Microscopic spherical variational models of AgI (Cu halide)-based solid electrolytes

Abstract

A new microscopic description of the ${\mathrm{Ag}}^{+}$ electrolyte in AgI-based superionic conductors is presented. It is argued that the energy differences between available ${\mathrm{Ag}}^{+}$ sites are dominated by screened Coulomb ${\mathrm{Ag}}^{+}$-${\mathrm{Ag}}^{+}$ repulsion. Site-free energies are obtained by varying a trial function for the distribution of ${\mathrm{Ag}}^{+}$ ions amongst the available sites of a sphere centered at a given probe site. We demonstrate the superiority of our lattice-liquid picture over previous lattice-gas models for the ${\mathrm{Ag}}^{+}$ electrolyte.
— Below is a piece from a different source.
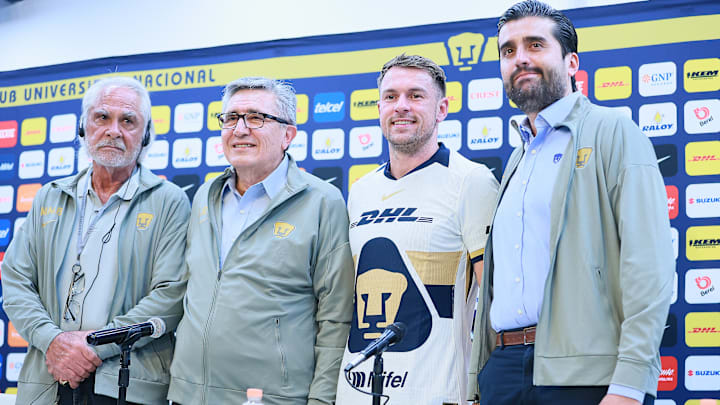 El galés Aaron Ramsey ya posa con la playera auriazul El galés Aaron Ramsey ya posa con la playera auriazul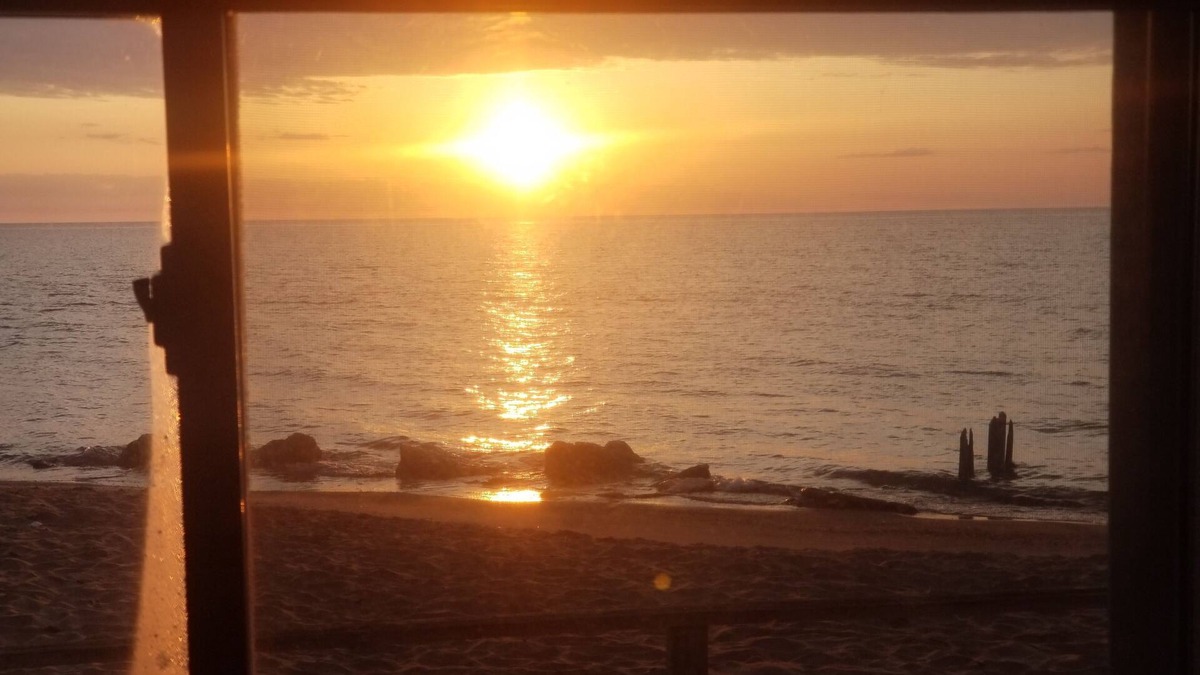 Oscoda Resort | #6 Two bedroom Dog friendly beachfront cabin.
For $\alpha -\mathrm{A}\mathrm{g}\mathrm{I}$, we obtain very good agreement with experimental data for activation energy and disorder entropy, and with molecular-dynamics calculations of the Ag-Ag pair distribution. Our method is applied to $\alpha -\mathrm{R}\mathrm{b}{\mathrm{Ag}}_4{\mathrm{I}}_5$, and it appears sensitive enough to distinguish between two existing conflicting crystallographic determinations.